Das Kapitel beschreibt darum in aller Kürze zuerst die Ausgangssituation der Gesundheitsversorgung auf dem Land sowie die zu erwartenden und damit die Rahmenbedingungen setzenden, kontextuellen und gesellschaftlichen Makrotrends. Das Kapitel geht dann kurz ein auf ein vom Forum Gesundheitsstandort Baden-Württemberg und dem Ministerium für Wissenschaft und Kultur gefördertes Modellvorhaben zur Sicherung der hausärztlichen Versorgung im ländlichen Raum in Baden-Württemberg. Es zeigt auf, wie dieses neue Versorgungskonzept unter Würdigung der entsprechenden Rahmenbedingungen auf die erwähnten Grundprinzipien und die 10 Handlungsfelder der Patientenzentrierten Medizin eingeht.

Das Dorf der alten Dame liegt in der Region Nordschwarzwald. Auf der Landkarte sieht das nicht besonders abgeschieden aus: nicht weit von Stuttgart, im Norden die Großstadt Pforzheim, im Osten die Universitätsstadt Tübingen, im Süden ein Zentrum für Medizintechnik, Tuttlingen, im Westen die Rheinebene von Karlsruhe bis Freiburg, alles verkehrstechnisch gut angebunden über den von Stuttgart nach Singen ziehenden Strang der A 81 oder die Gäubahn von Stuttgart nach Zürich. Wer im Flugzeug auf der Anflugroute nach Zürich darüber fliegt, sieht einen hübschen Wechsel von Wald, Wiesen und Dörfern. Berühmte Menschen und Produkte kommen aus dieser Region, etwa Jürgen Klopp und der Fischer-Dübel. Wer aber hineinfährt in die tief in die Bergzüge eingeschnittenen Täler des Nordschwarzwalds, spürt die Abgeschiedenheit. Stuttgart, Karlsruhe, Sindelfingen oder Tübingen – das ist weit weg.

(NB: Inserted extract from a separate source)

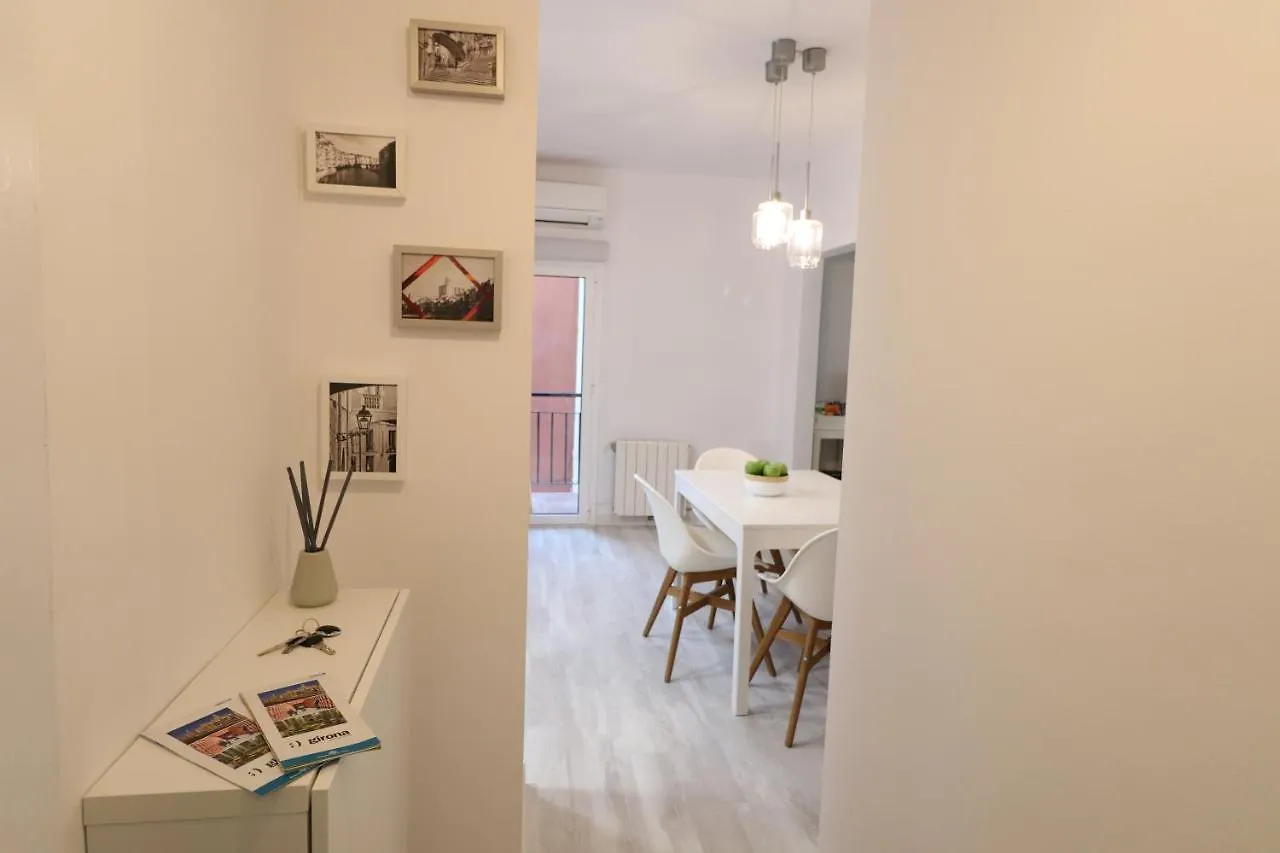 Cool Apartment - Parc Migdia - Center 지로나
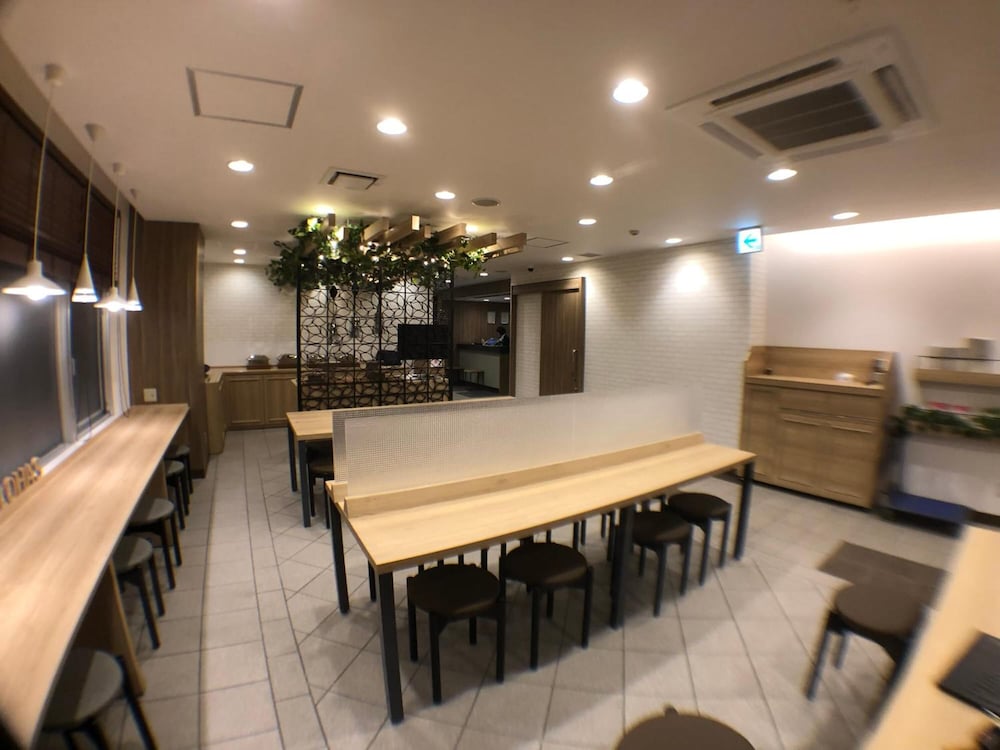 スーパーホテル北見 女満別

Es wundert deshalb nicht, dass von über 100 Hausärzten in der Region in den nächsten 5 Jahren die Hälfte altersbedingt ausscheiden wird. Nachwuchs bleibt aus. Von 100 Medizinstudierenden träumt vielleicht einer von einer Einzelpraxis in einer ländlichen Region. Um die Zukunft der kleinen und mittleren Krankenhäuser in solchen Regionen ist es nicht besser bestellt. Trotz geschickter und umsichtiger kaufmännischer Geschäftsführung schreiben sie rote Zahlen. Die Behandlung von Fällen wie dem der alten Dame rechnet sich im DRG-System nicht.

Wie sieht die Zukunft vor Ort dann aus? Eine rein telemedizinische Versorgung? Eine Arztpraxis ohne Arzt, bedient durch ein Call-Center aus Bangalore, unternehmerisch geleitet von einem deutschen Krankenhauskonzern? Rezepte, die vom Call Center elektronisch ausgestellt und Medikamente, die im Schließfach bei der örtlichen Sparkasse wie bei einer DHL Packstation abgeholt werden? Falls die alte Dame ein Tablet bedienen kann, erklärt ein freundlicher, sogar schwäbisch sprechender junger Arzt über das Internet, wie sie die Medikamente einnehmen muss und bei welchen Anzeichen von Veränderung sie das Call-Center anrufen soll? Informationen über individuell zu erwartende Nebenwirkungen finden sich nach Auslesen des QR-Codes in einem gesicherten Video-Kanal, sowie Tipps der Digitalapotheke für naturheilkundlich basierte Nahrungsergänzung? Ist das die Integrative Medizin der Zukunft auf dem Land in der realen betriebswirtschaftlichen Umsetzung des zukünftigen Gesundheitssystems (Azzopardi-Muscat 2019; Blandford 2018; Gordon et al. 2020)?